ITC Seminar - Christopher Spalding (Caltech)

Date: 

Monday, February 27, 2017, 12:00pm to 1:00pm

Location: 

Phillips

A Primordial Origin for Extrasolar Stellar Obliquity and its Role in Sculpting the Kepler Dichotomy

ABSTRACT: The Solar System planets possess orbital planes differing by only a few degrees, inspiring the centuries-old hypothesis that planets form in disks, with the Sun's spin axes misaligned by a further 6 degrees. Only very recently has it been possible to observationally determine whether extrasolar planetary architectures typically share this coplanarity. Through analysis of planetary transit data, it has emerged that many, mostly hotter, stars hosting hot Jupiters possess significant stellar obliquities, ranging all the way from well-aligned to retrograde, anti-aligned.

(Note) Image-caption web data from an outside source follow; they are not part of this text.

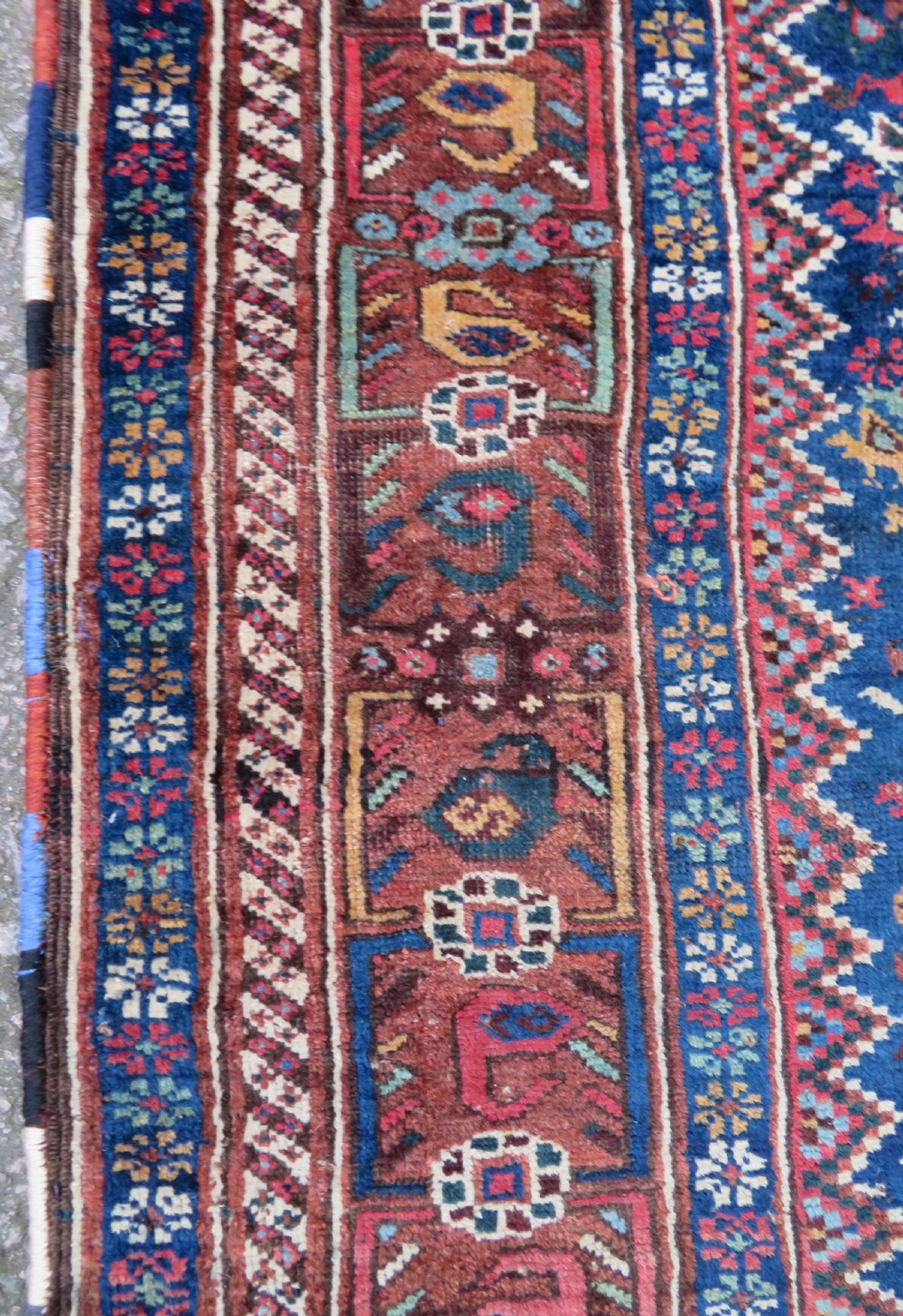 An antique Persian Khamseh rug featuring three central diamond medallions surrounded by small animal motifs and a geometric border in indigo blue and terracotta red tones. View X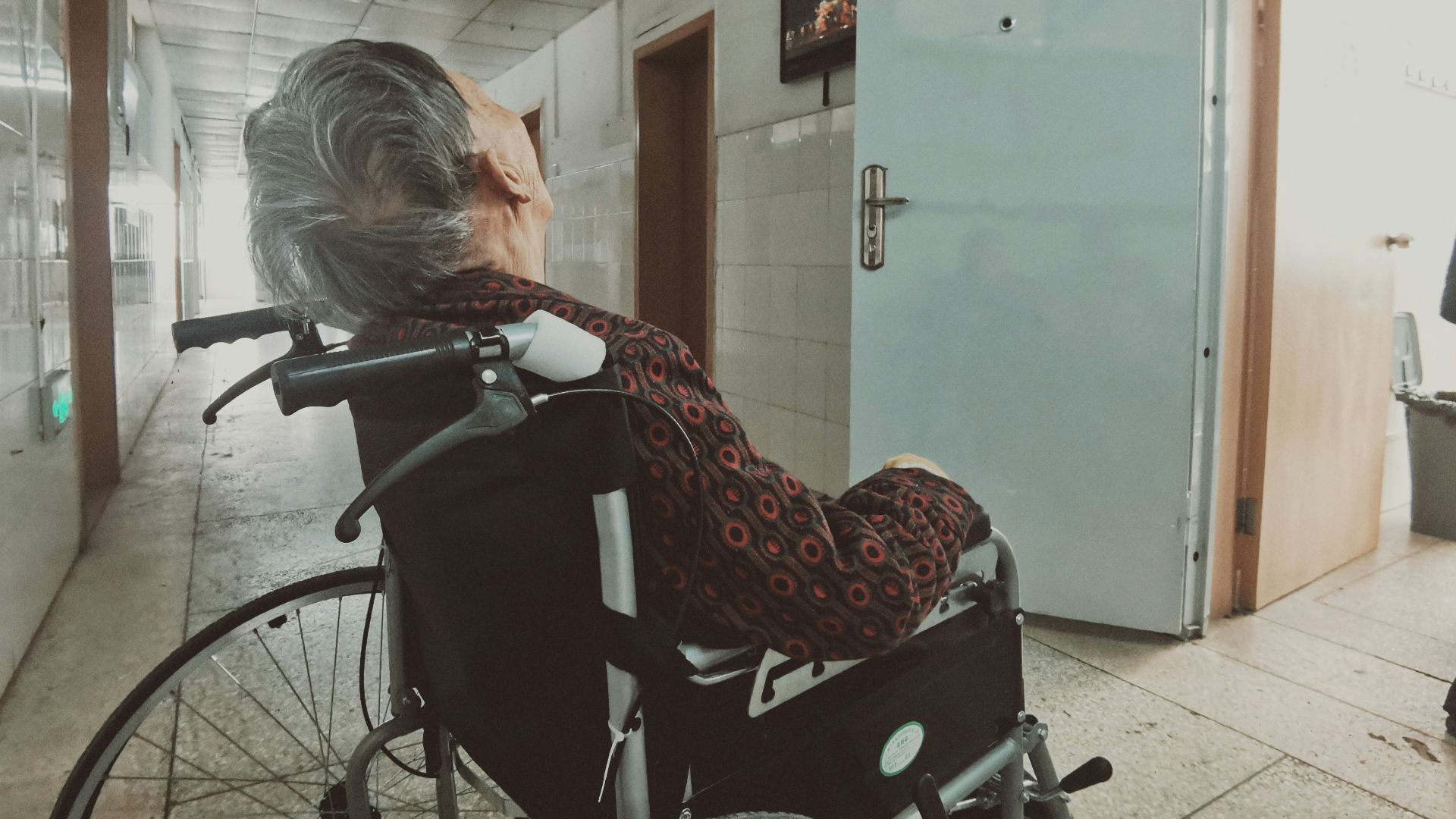 woman in black and white long sleeve shirt sitting on black wheelchair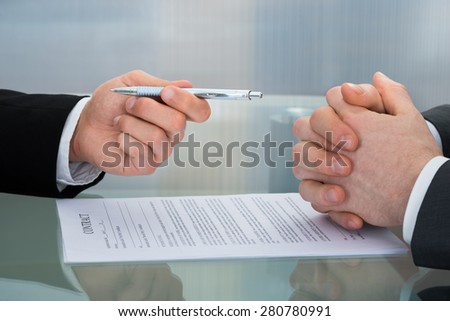 Close-up Of Businessman Giving The Pen To Sign A Contract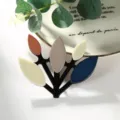 Eleganter Zweig-Brosche mit bunten Blattelementen auf einem schwarzen Metallrahmen für Damen - Off-White Grau Blau Mix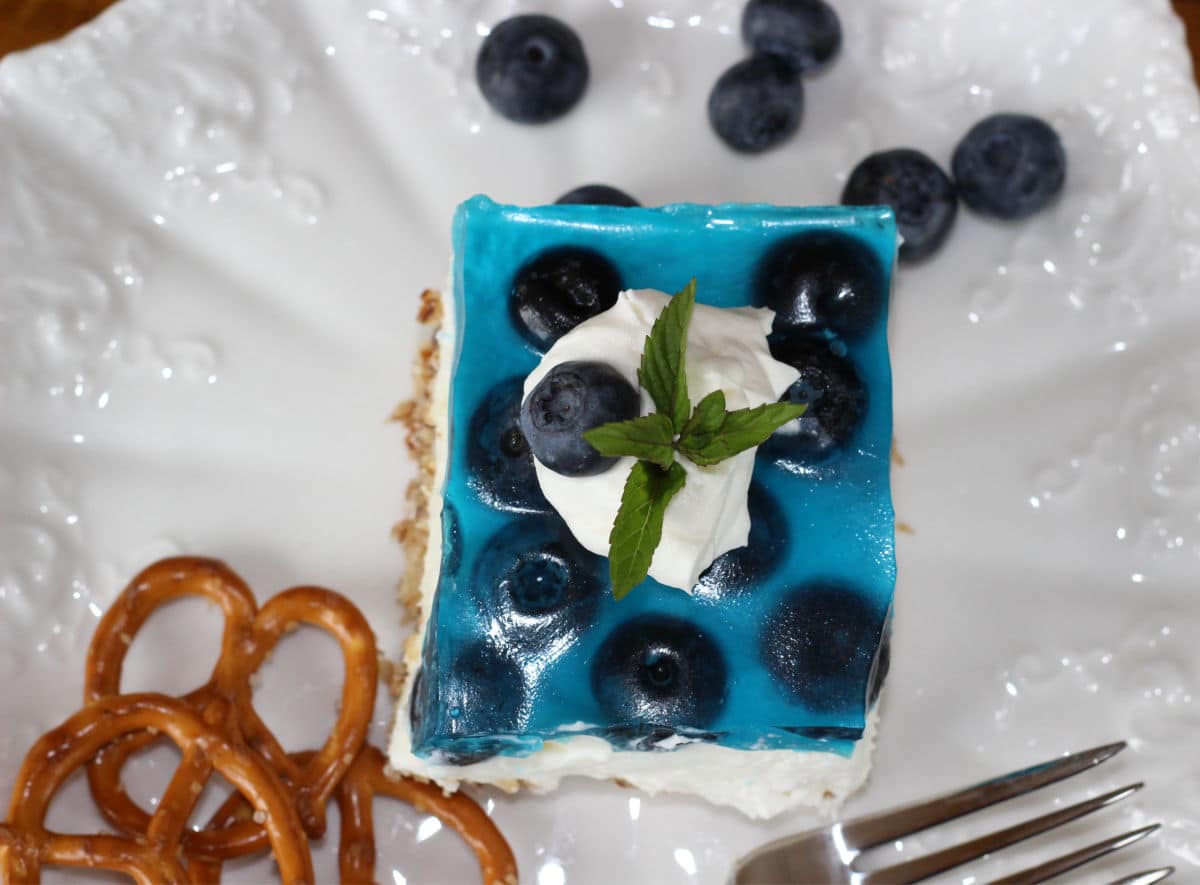 blueberry pretzel salad dessert on a white plate with pretzels and blueberries as garnish.
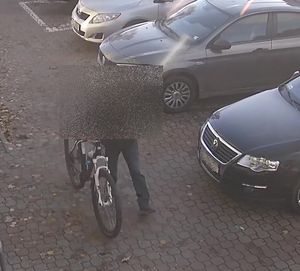 widok z monitoringu człowiek idzie z rowerem i samochody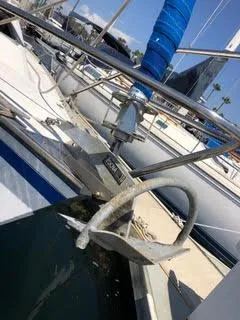 Slide: The Image of 1984 Hunter 31 sailboat with anchor, docked in marina. - 23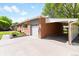 Charming brick home featuring a convenient carport, garage, and a well-manicured lawn, perfect for suburban living at 6314 Brooks Dr, Arvada, CO 80004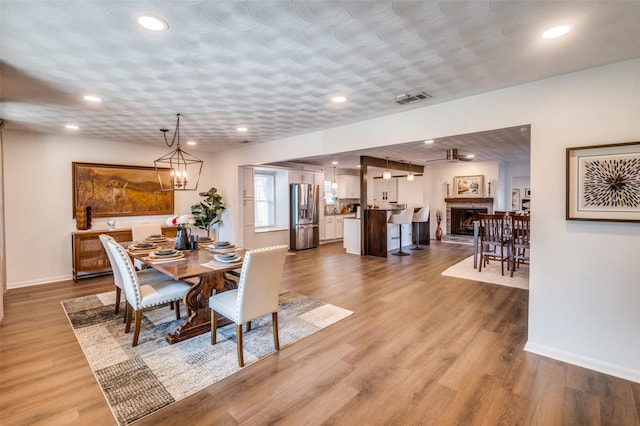 dining room with hardwood / wood-style flooring and an inviting chandelier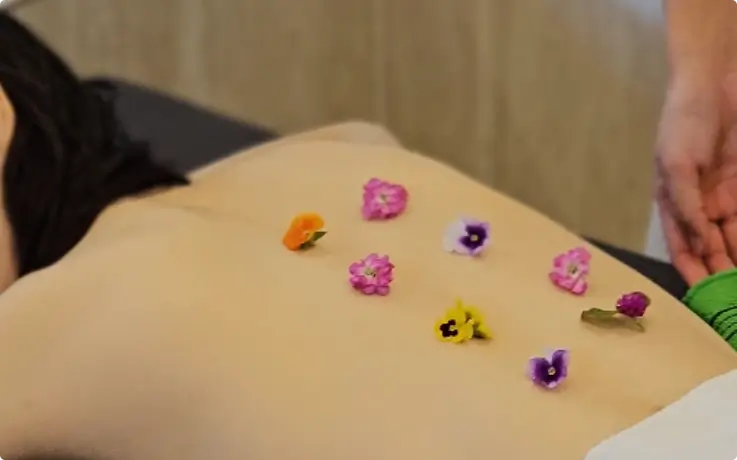 Flower petals placed on the guest's back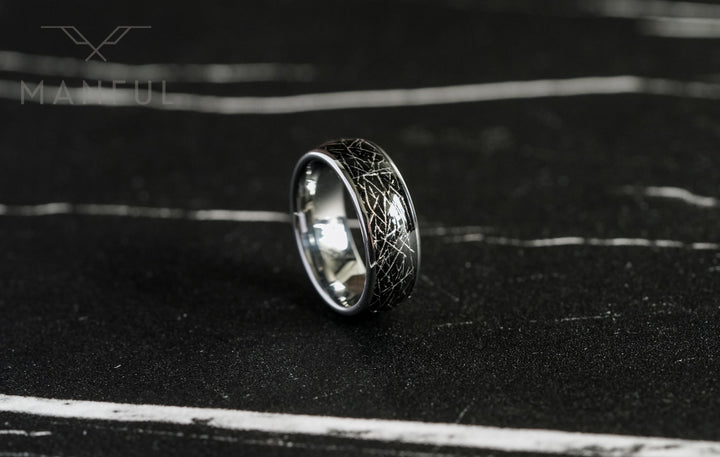Meteorite Fragment Ring, standing upright on dark slate with the polished silver interior visible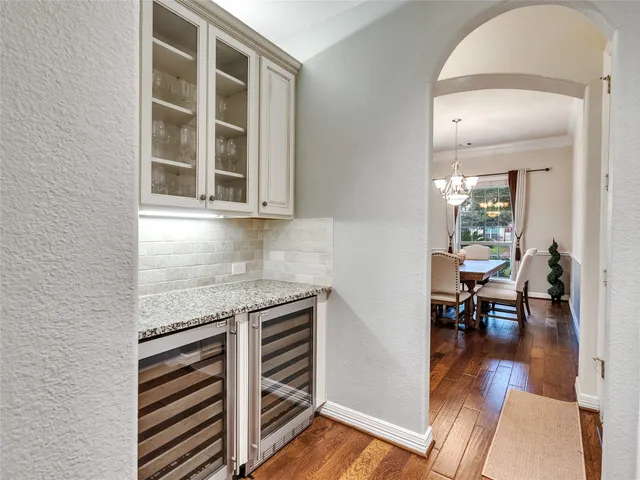 hallway with wooden floor and furniture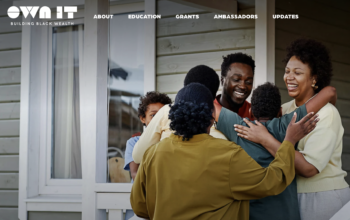 A crowd of people hug each other at the entrance to a home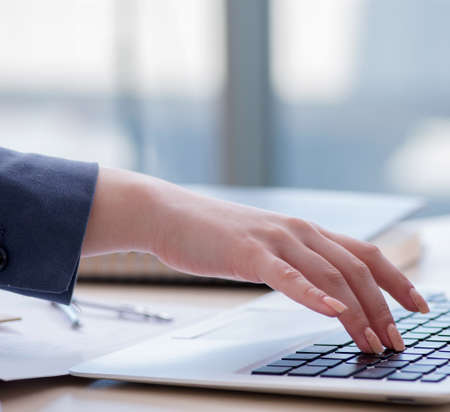 Female finance professional working on keyboard with reports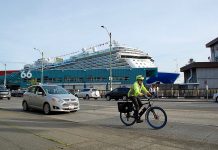 Are Cruise Ships Crushing Seattle’s Climate Goals? Bicyclist in neon jacket and helmet on busy street. Cruise terminal and ship behind him.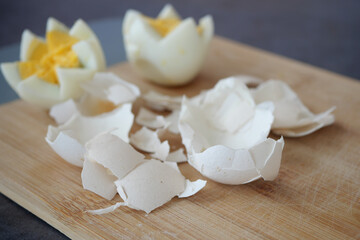 Broken egg shell on wooden cutting board, 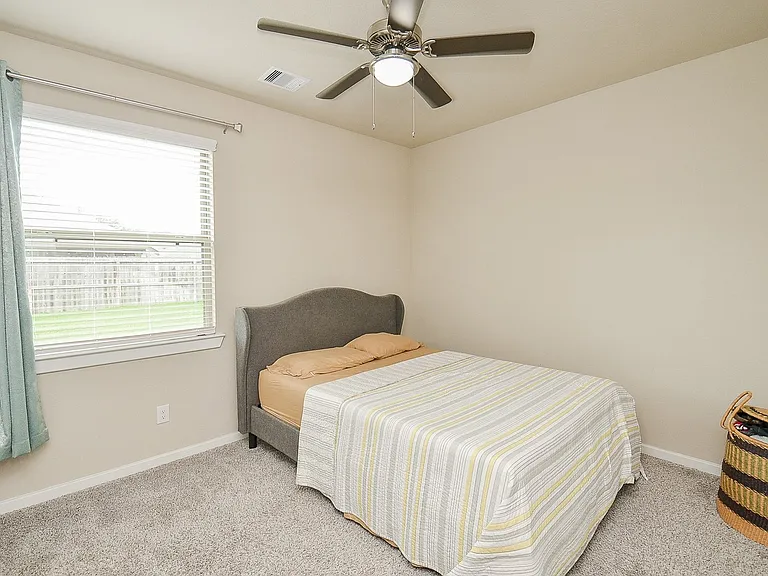 Guest room downstairs. Spacious. This picture shows a QUEEN size bed for context.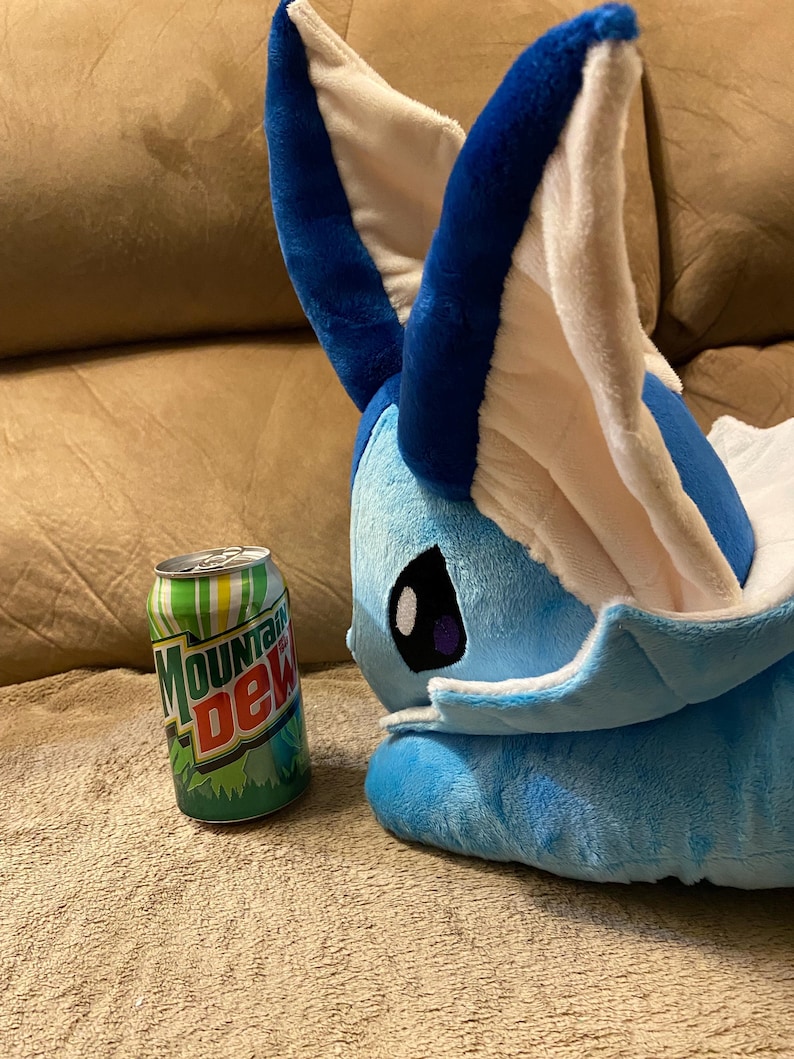 Puede incluir: Un juguete de peluche azul y blanco con orejas grandes, que se asemeja a un personaje de dibujos animados, est&aacute; acostado en un sof&aacute; marr&oacute;n junto a una lata de Mountain Dew.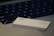 A close-up view of a laptop keyboard with a credit card resting on the surface. The credit card is white and features the logos of Goldman Sachs and Mastercard.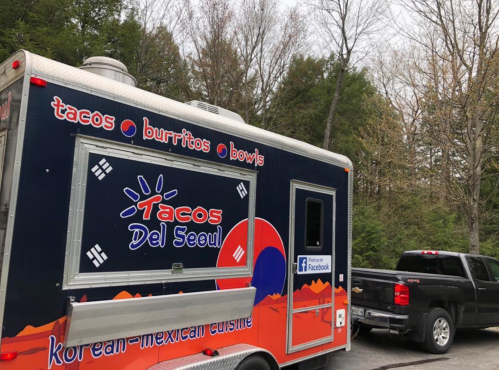 A food truck named "Tacos Del Seoul" offers Korean-Mexican cuisine, parked in a wooded area.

Furthermore, roughly half of multi-transiting systems of Super-Earths possess significant mutual inclinations between orbits (the "Kepler Dichotomy"). In this talk, I will show that spin-orbit misalignments naturally emerge during the disk-hosting stage of planet formation by way of secular torques between disks and outer companion stars. I then demonstrate that primordially-generated stellar obliquities are capable of driving the observed mutual inclinations between the orbital planes of super-Earth planets, in response to the stellar quadrupole moment. Accordingly, an early pathway for the excitation of spin-orbit misalignments places hot Jupiter and super Earth configurations within a united framework.